(Scraped caption text data)
☆ ☆ ☆ ☆ ☆
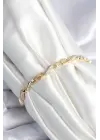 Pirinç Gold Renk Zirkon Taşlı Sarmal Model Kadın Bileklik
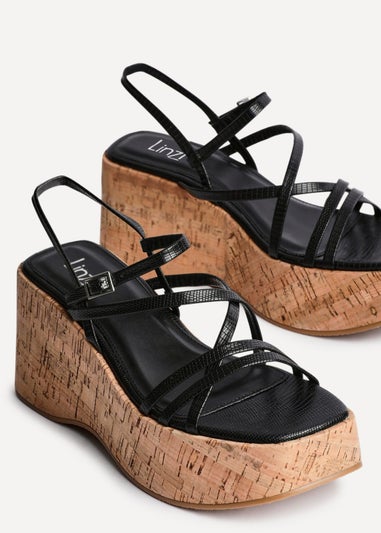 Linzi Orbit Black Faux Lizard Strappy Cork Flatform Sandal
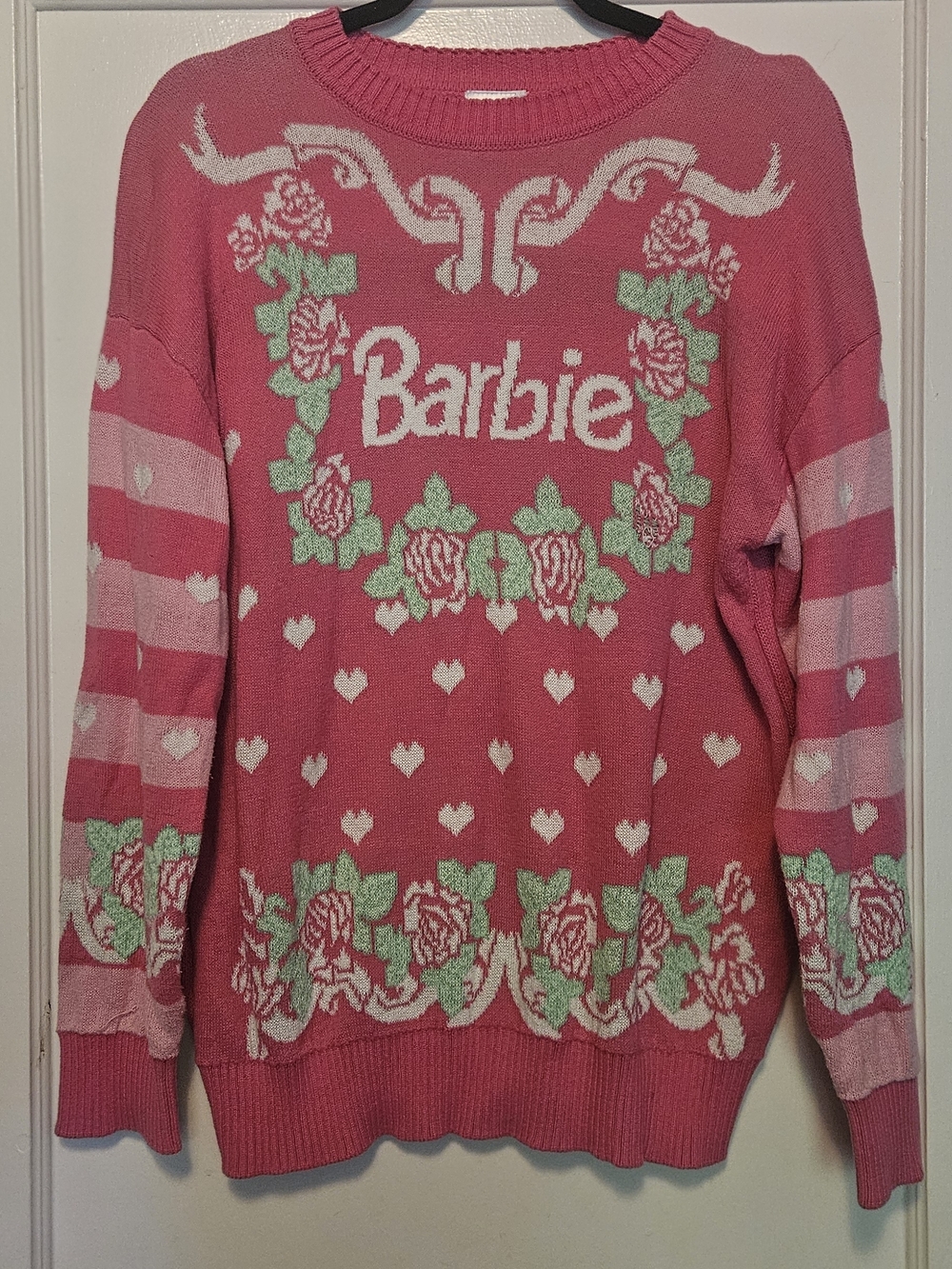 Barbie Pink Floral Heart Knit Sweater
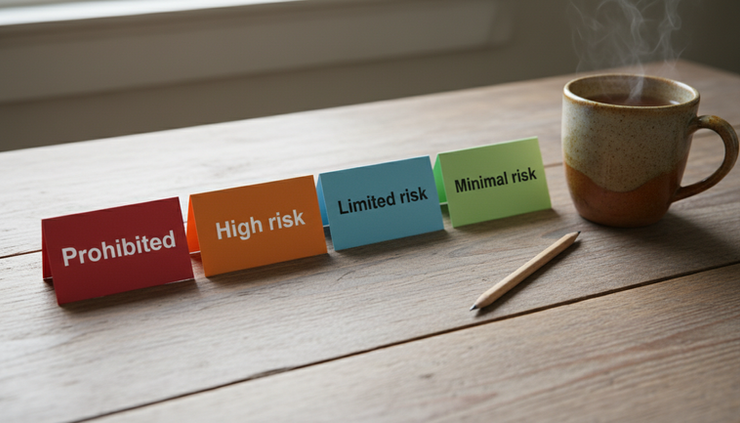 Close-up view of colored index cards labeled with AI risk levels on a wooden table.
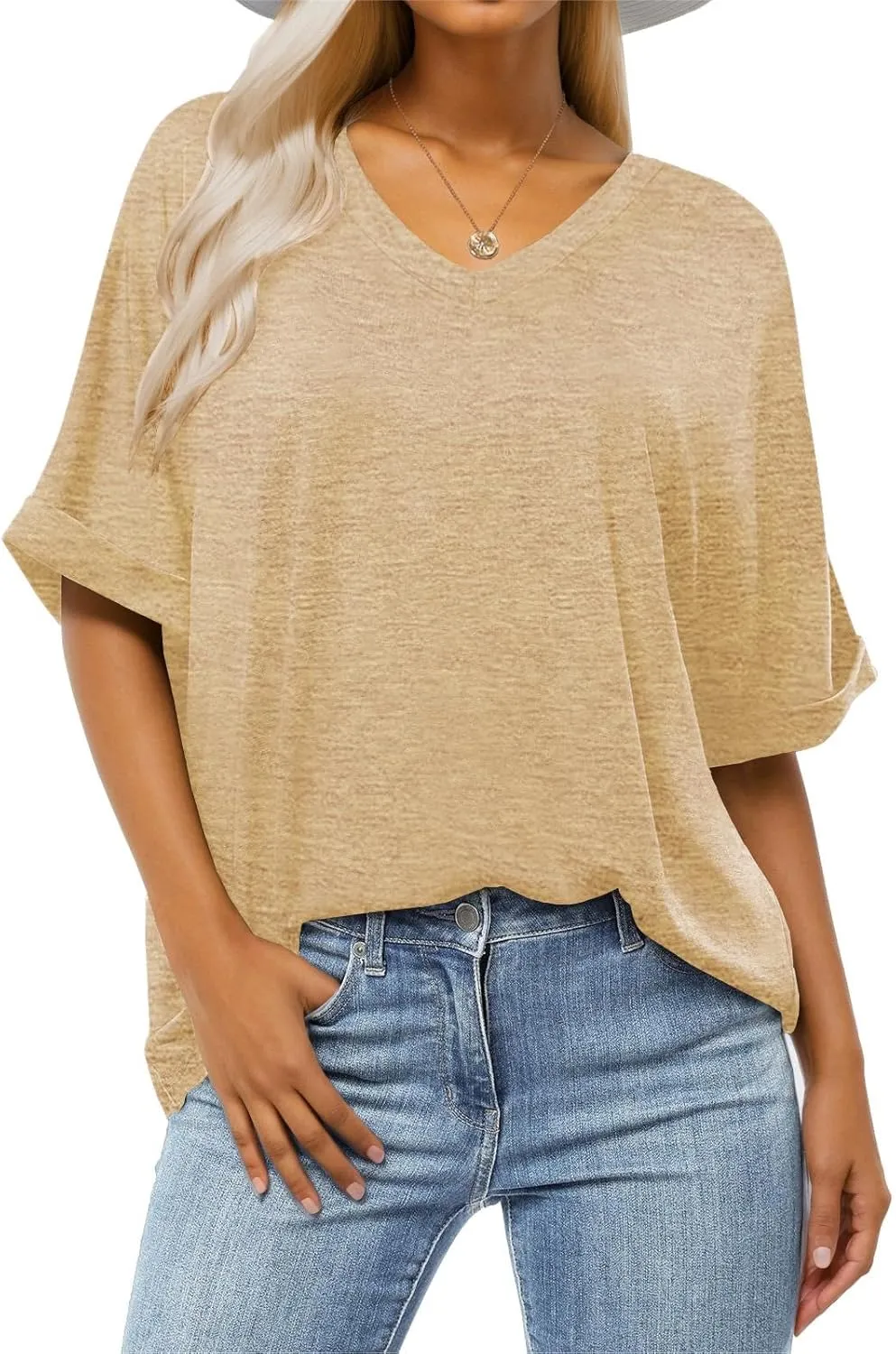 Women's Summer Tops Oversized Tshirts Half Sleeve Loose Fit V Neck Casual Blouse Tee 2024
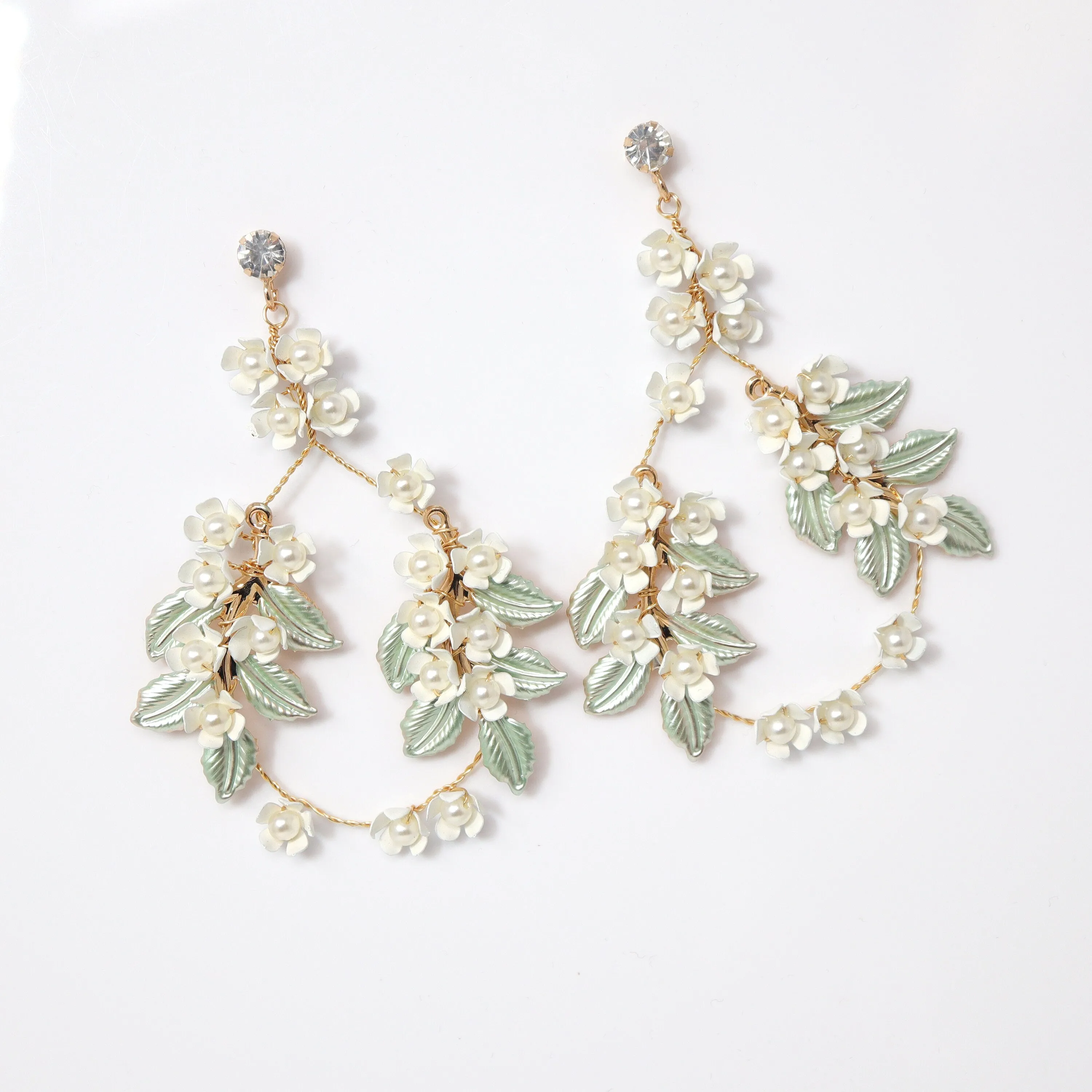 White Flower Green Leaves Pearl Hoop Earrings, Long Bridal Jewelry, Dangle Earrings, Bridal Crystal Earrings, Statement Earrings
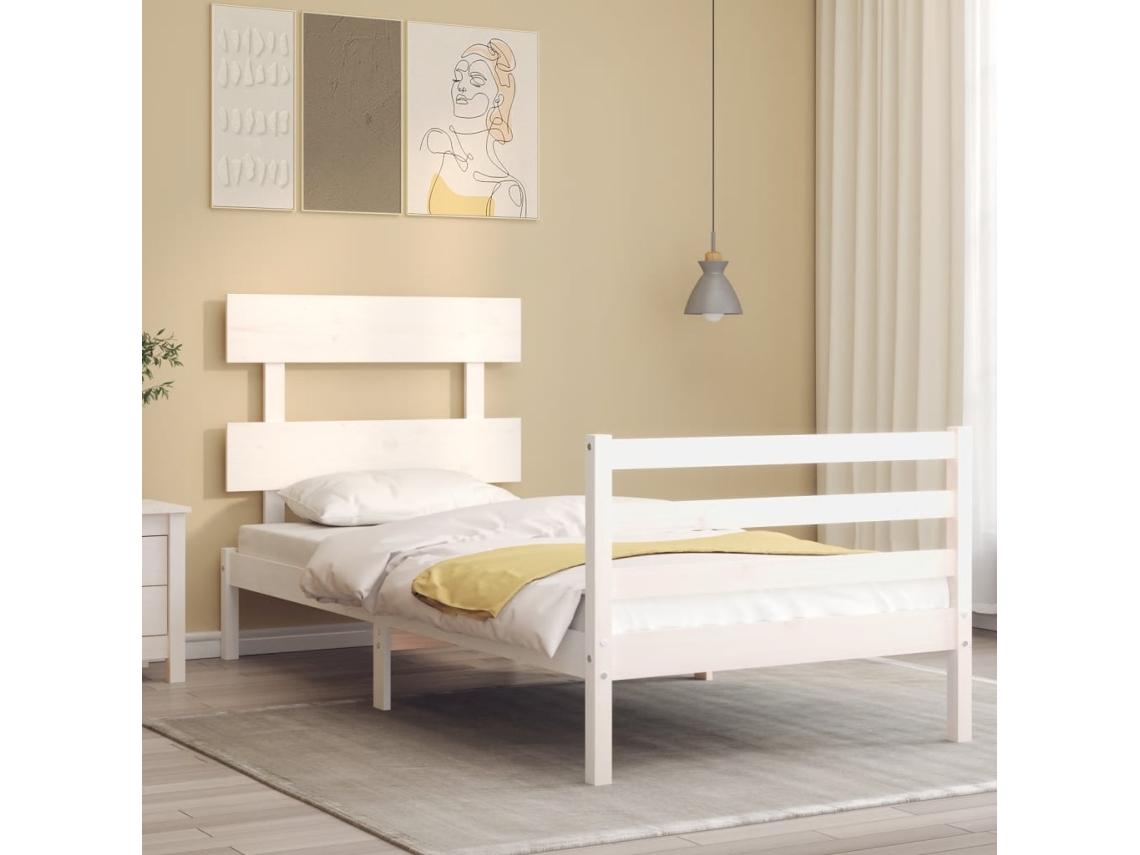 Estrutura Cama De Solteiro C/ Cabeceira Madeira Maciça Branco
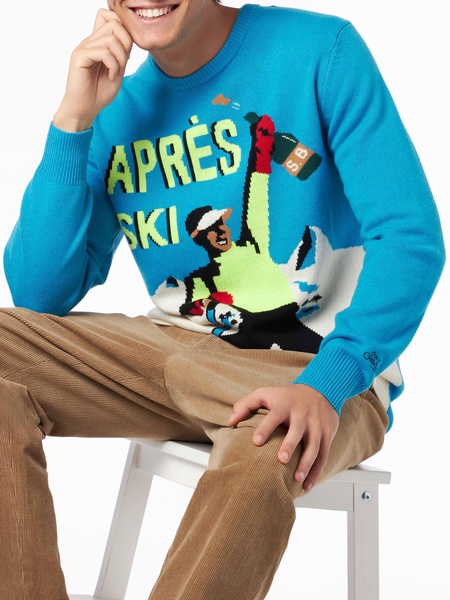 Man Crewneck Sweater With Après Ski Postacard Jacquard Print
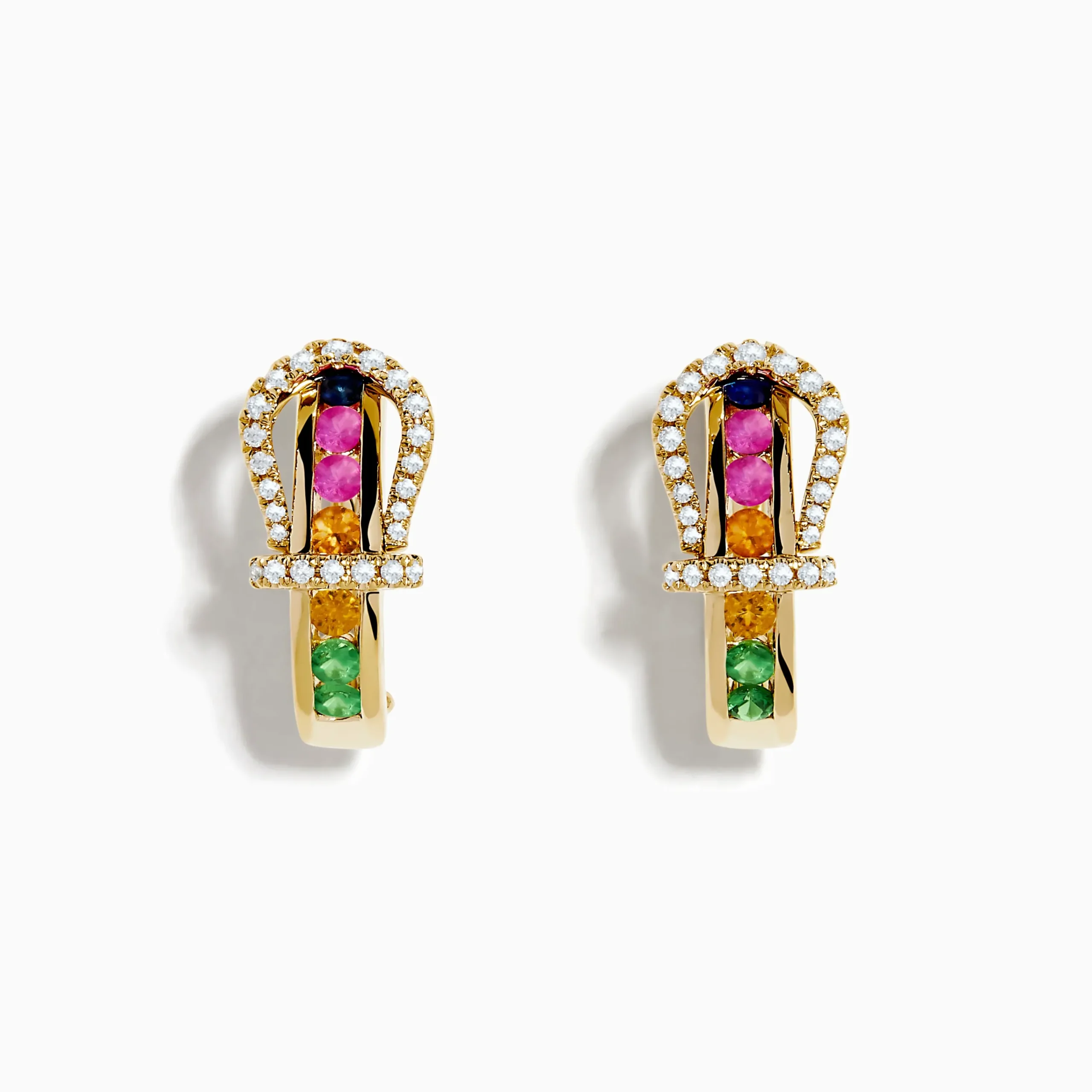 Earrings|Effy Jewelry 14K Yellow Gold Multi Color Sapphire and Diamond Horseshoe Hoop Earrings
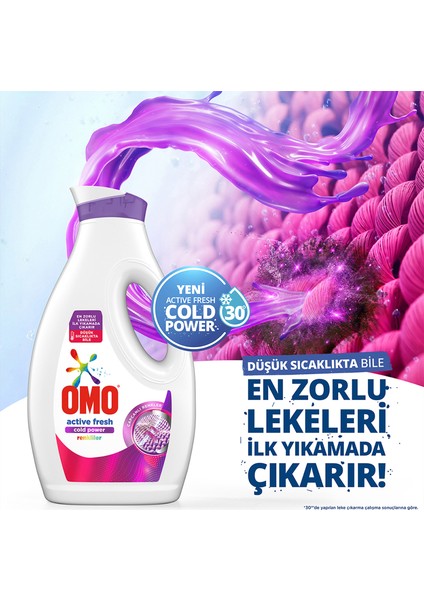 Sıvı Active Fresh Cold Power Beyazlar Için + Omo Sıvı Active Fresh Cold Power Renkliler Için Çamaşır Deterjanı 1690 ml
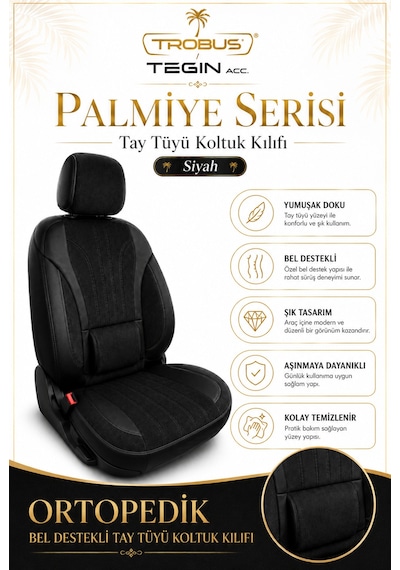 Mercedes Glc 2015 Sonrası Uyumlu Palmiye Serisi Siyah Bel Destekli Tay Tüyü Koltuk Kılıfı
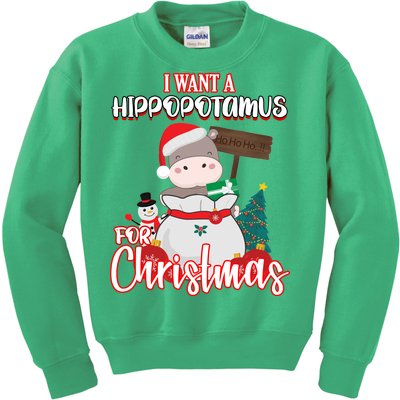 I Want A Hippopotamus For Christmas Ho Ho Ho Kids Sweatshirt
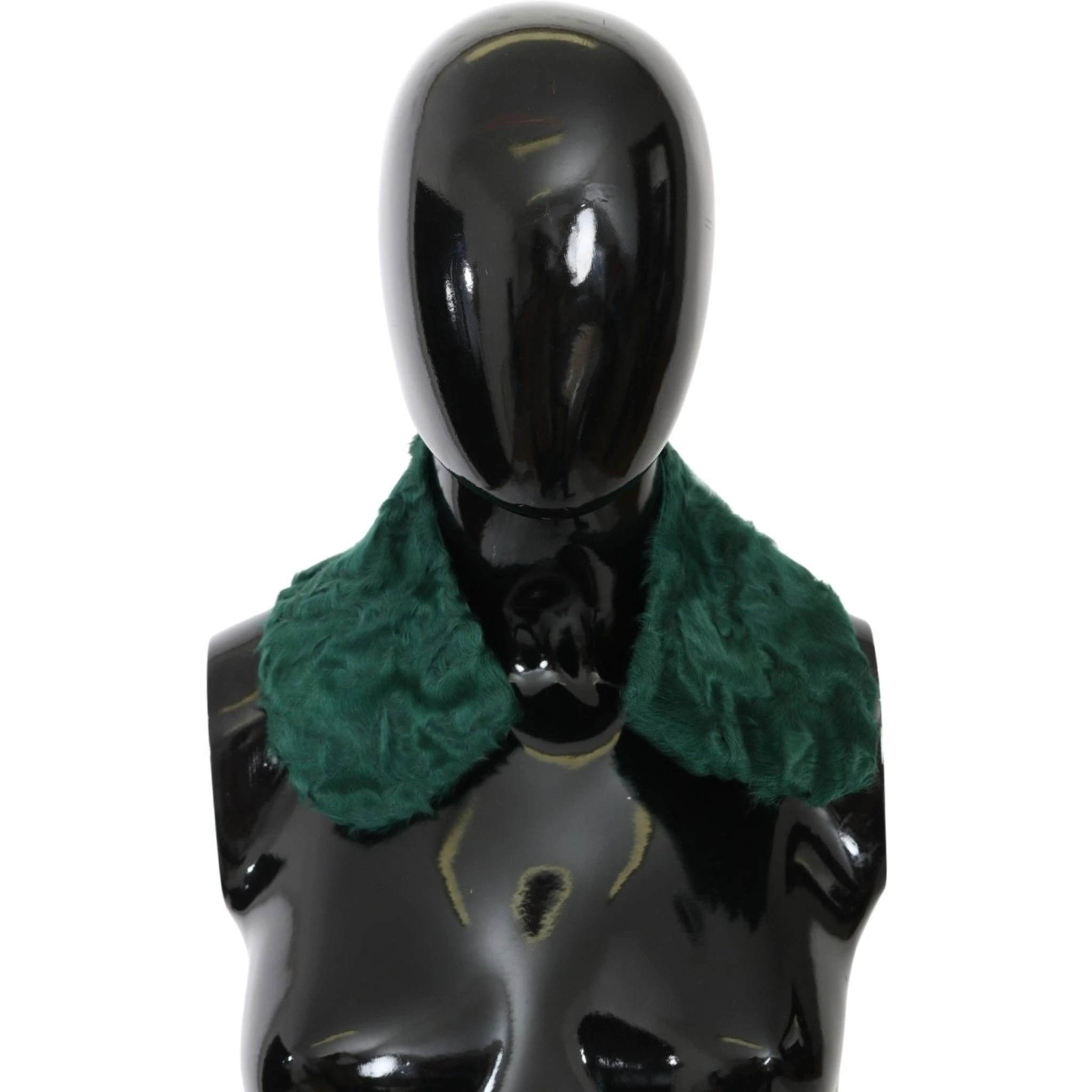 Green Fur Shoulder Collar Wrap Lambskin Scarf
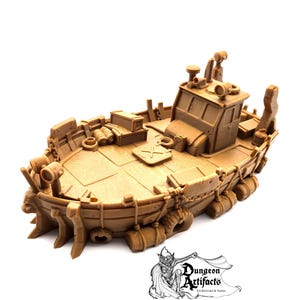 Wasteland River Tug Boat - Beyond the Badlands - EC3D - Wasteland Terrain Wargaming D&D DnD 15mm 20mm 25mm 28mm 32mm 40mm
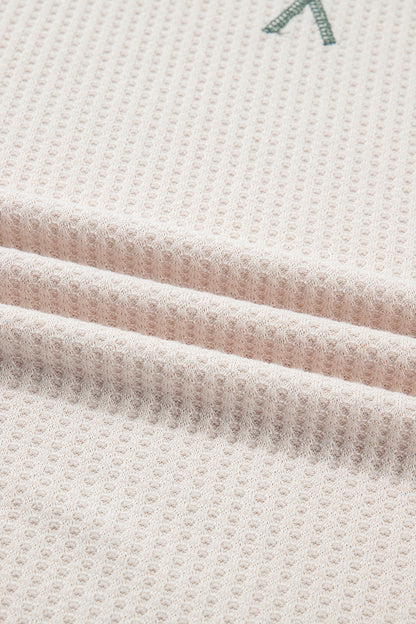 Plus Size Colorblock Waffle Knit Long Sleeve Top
☆ ☆ ☆ ☆ ☆
## ASSIGNMENT
Copy only the lines above from the one containing "White Flower Green" through the one containing "Green Fur Shoulder", both included. Leave out the pictures.

## RESPONSE TO THE EXERCISE
 White Flower Green Leaves Pearl Hoop Earrings, Long Bridal Jewelry, Dangle Earrings, Bridal Crystal Earrings, Statement Earrings
 Estrutura Cama De Solteiro C/ Cabeceira Madeira Maciça Branco
 Man Crewneck Sweater With Après Ski Postacard Jacquard Print
 Earrings|Effy Jewelry 14K Yellow Gold Multi Color Sapphire and Diamond Horseshoe Hoop Earrings
 Sıvı Active Fresh Cold Power Beyazlar Için + Omo Sıvı Active Fresh Cold Power Renkliler Için Çamaşır Deterjanı 1690 ml
 Mercedes Glc 2015 Sonrası Uyumlu Palmiye Serisi Siyah Bel Destekli Tay Tüyü Koltuk Kılıfı
 I Want A Hippopotamus For Christmas Ho Ho Ho Kids Sweatshirt
 Green Fur Shoulder Collar Wrap Lambskin Scarf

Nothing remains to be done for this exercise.